◆ **THE TASK**:
What you print should match the entries exactly, only without the pictures.

[Captioned web images]
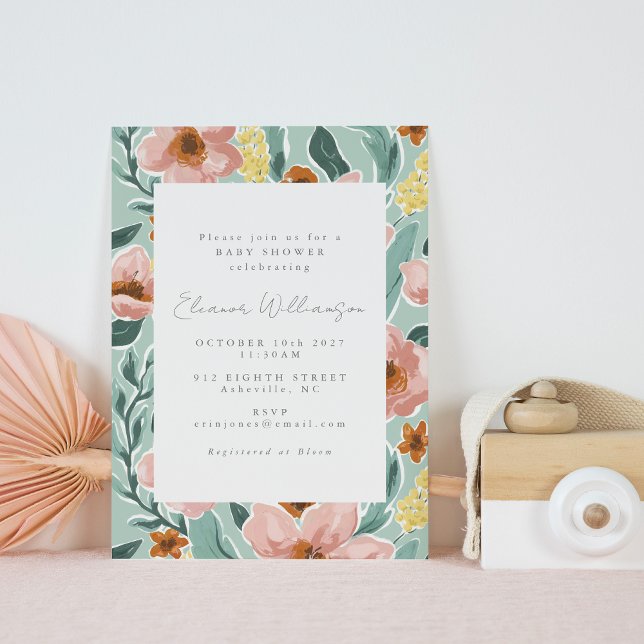 Grün rosa Vintage botanische Babydusche Einladung (Von Creator hochgeladen)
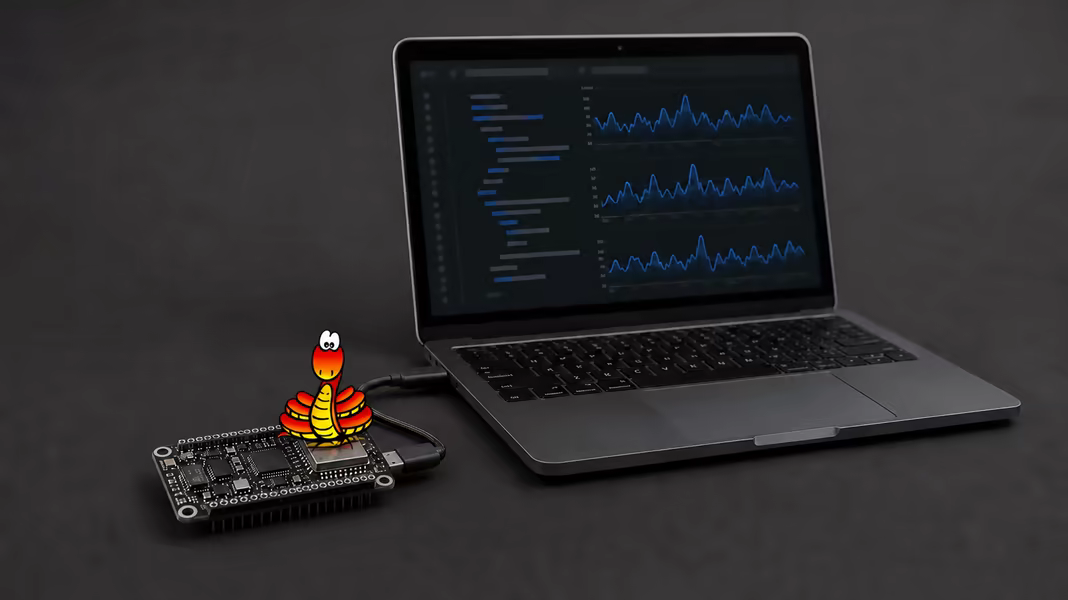 A Python snake mascot perched on an Espressif board connected to a laptop displaying CSI traces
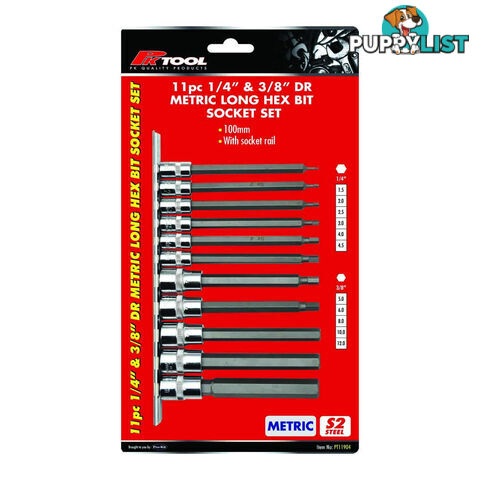 PK Tools Hex Bit Socket 1/4 "   3/8 "dr Metric Long Shaft 11pc Set SKU - PT11904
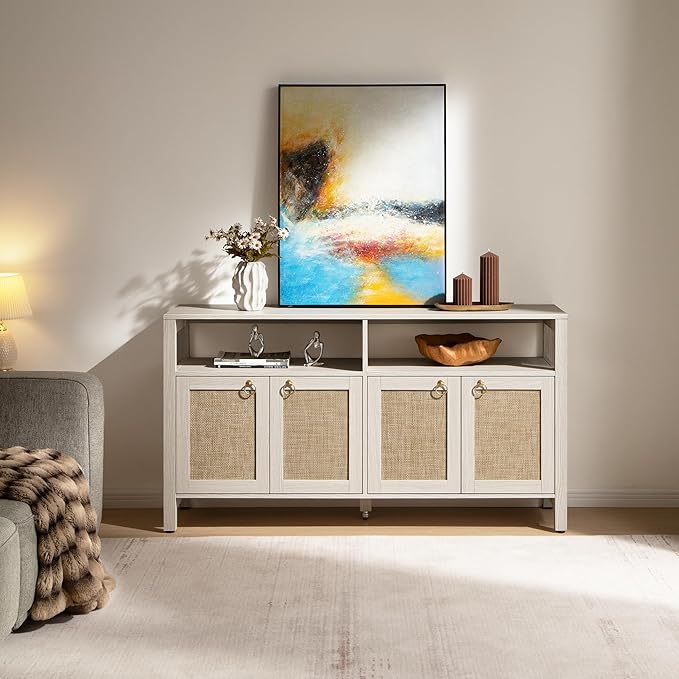 SICOTAS Rattan TV Stand for Television up to 65 Inch - 29.5" Tall Entertainment Center with Storage and Open Shelves,Boho Credenza TV Console Cabinet with 4-Doors and Adjustable Shelf for Living Room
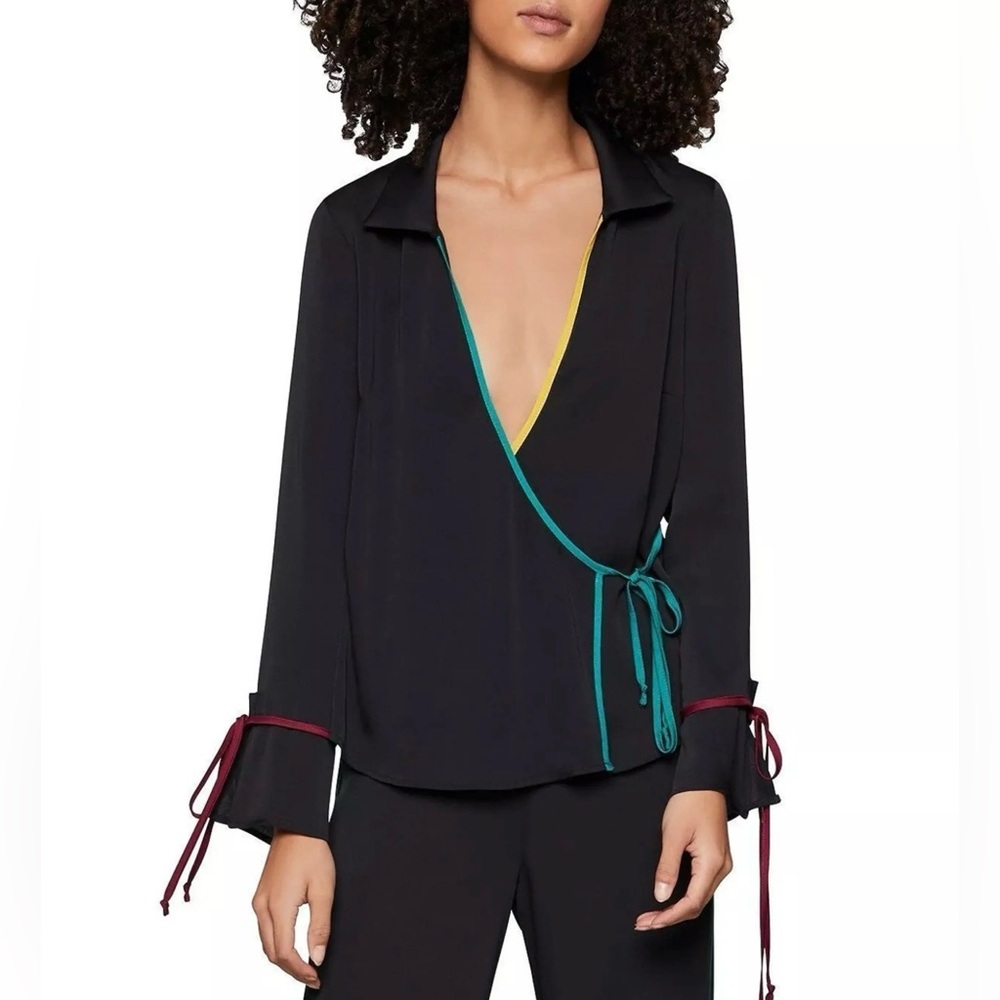 BCBGeneration Wrap Blouse Medium Black Tie Front Color Trim Long Sleeve Top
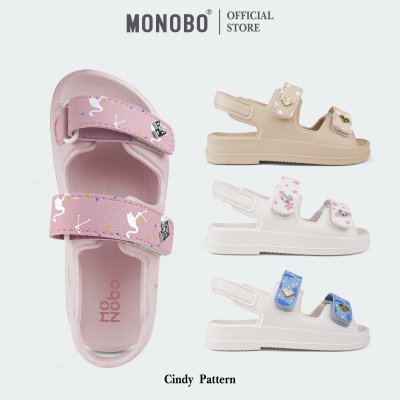 Monobo รุ่น Cindy Pattern รองเท้าแตะสายคู่สวมง่าย ลุคน่ารักสายหวาน ตกแต่งโลโก้ทรงเพชร พื้นนุ่ม เดินสบาย ของแท้ 100%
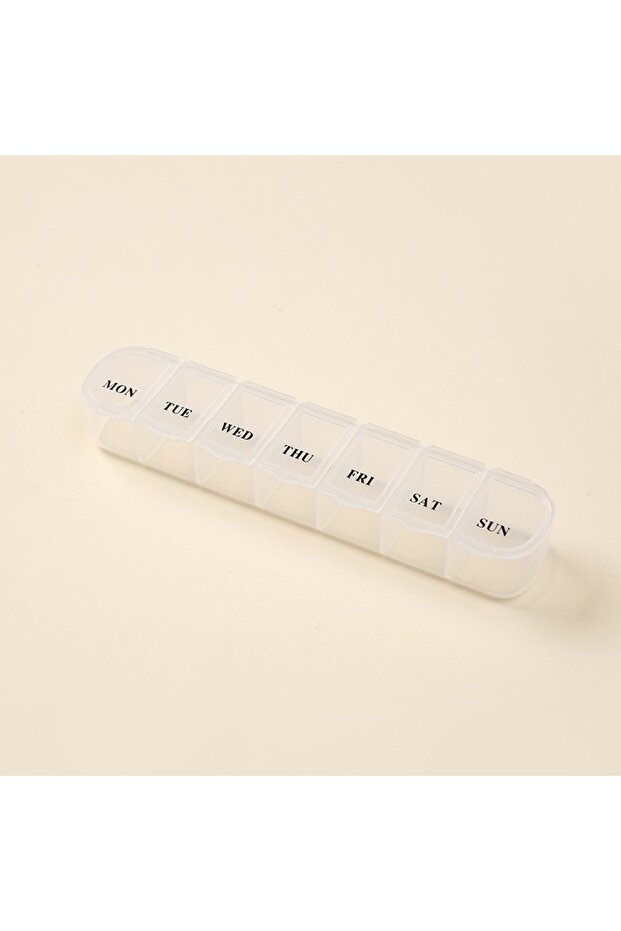 white New 7 Days 7 Grids Weekly Portable Mini Pill Box Organizer, Portable Travel Pill Case for Medi
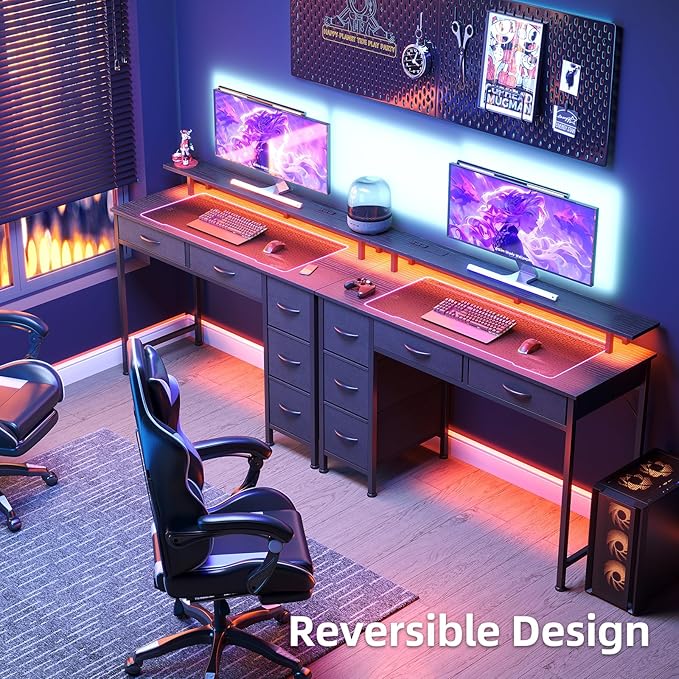 Computer Desk with 5 Drawers, Gaming Desk with LED Lights Power Outlets and Type-C, 47 Inch Office Desk with Storage, Monitor Stand, Writing Desk Work Table for Home Office, Small Spaces, Black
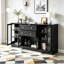 Buffet 58,3 po moderne avec 4 portes et 2 tiroirs, tablettes réglables, prise de courant, panneaux en acrylique, poignées en alliage d'aluminium-129685016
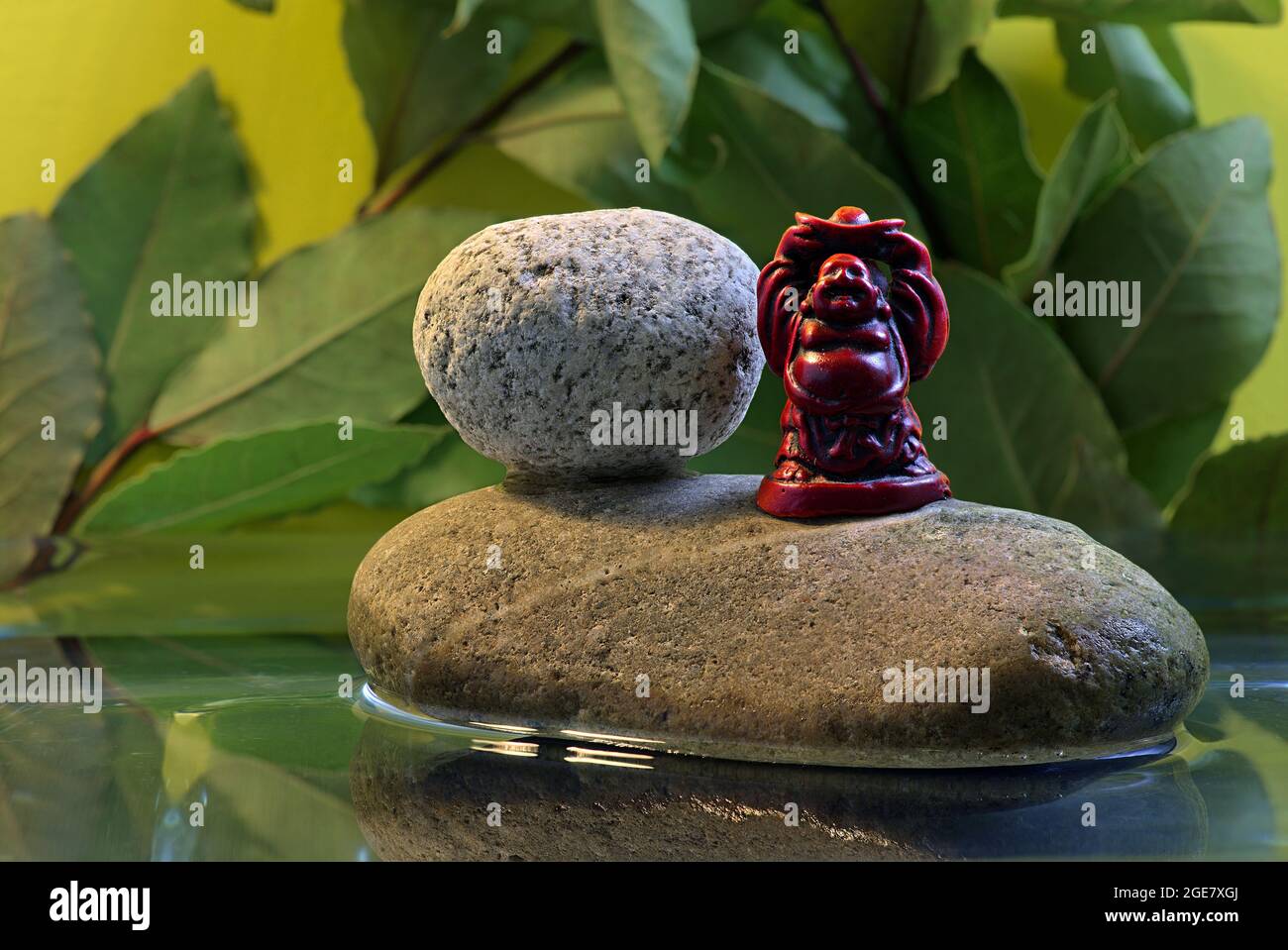 Closeup selettivo di una figura Budhha su una pietra in un'acqua Foto Stock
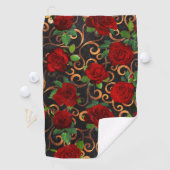Elegant Classy Damask  Chic Black Red Roses Golfhanddoek (Insitu)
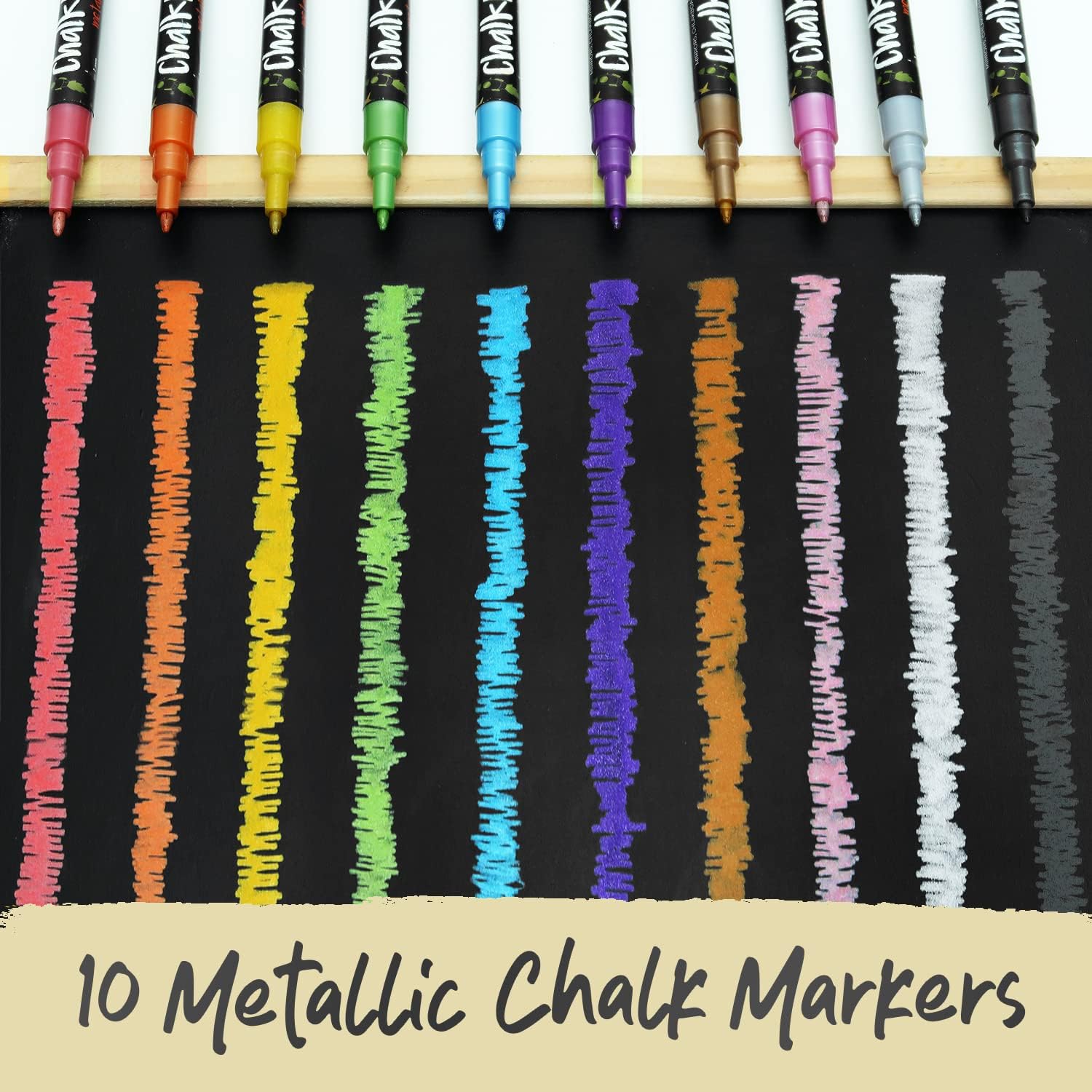 Detalle de Extra Fine Tip Metallic Chalk Pens (10 Pack, 1mm) – Liquid Wet Wipe Markers for Blackboards, Windows & Menus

◆ **YOUR SOLUTION**:
 Grün rosa Vintage botanische Babydusche Einladung (Von Creator hochgeladen)
 A Python snake mascot perched on an Espressif board connected to a laptop displaying CSI traces
 PK Tools Hex Bit Socket 1/4 "   3/8 "dr Metric Long Shaft 11pc Set SKU - PT11904
 SICOTAS Rattan TV Stand for Television up to 65 Inch - 29.5" Tall Entertainment Center with Storage and Open Shelves,Boho Credenza TV Console Cabinet with 4-Doors and Adjustable Shelf for Living Room
 BCBGeneration Wrap Blouse Medium Black Tie Front Color Trim Long Sleeve Top
 Monobo รุ่น Cindy Pattern รองเท้าแตะสายคู่สวมง่าย ลุคน่ารักสายหวาน ตกแต่งโลโก้ทรงเพชร พื้นนุ่ม เดินสบาย ของแท้ 100%
 white New 7 Days 7 Grids Weekly Portable Mini Pill Box Organizer, Portable Travel Pill Case for Medi
 Computer Desk with 5 Drawers, Gaming Desk with LED Lights Power Outlets and Type-C, 47 Inch Office Desk with Storage, Monitor Stand, Writing Desk Work Table for Home Office, Small Spaces, Black
 Buffet 58,3 po moderne avec 4 portes et 2 tiroirs, tablettes réglables, prise de courant, panneaux en acrylique, poignées en alliage d'aluminium-129685016
 Closeup selettivo di una figura Budhha su una pietra in un'acqua Foto Stock
Elegant Classy Damask  Chic Black Red Roses Golfhanddoek (Insitu)
 Detalle de Extra Fine Tip Metallic Chalk Pens (10 Pack, 1mm) – Liquid Wet Wipe Markers for Blackboards, Windows & Menus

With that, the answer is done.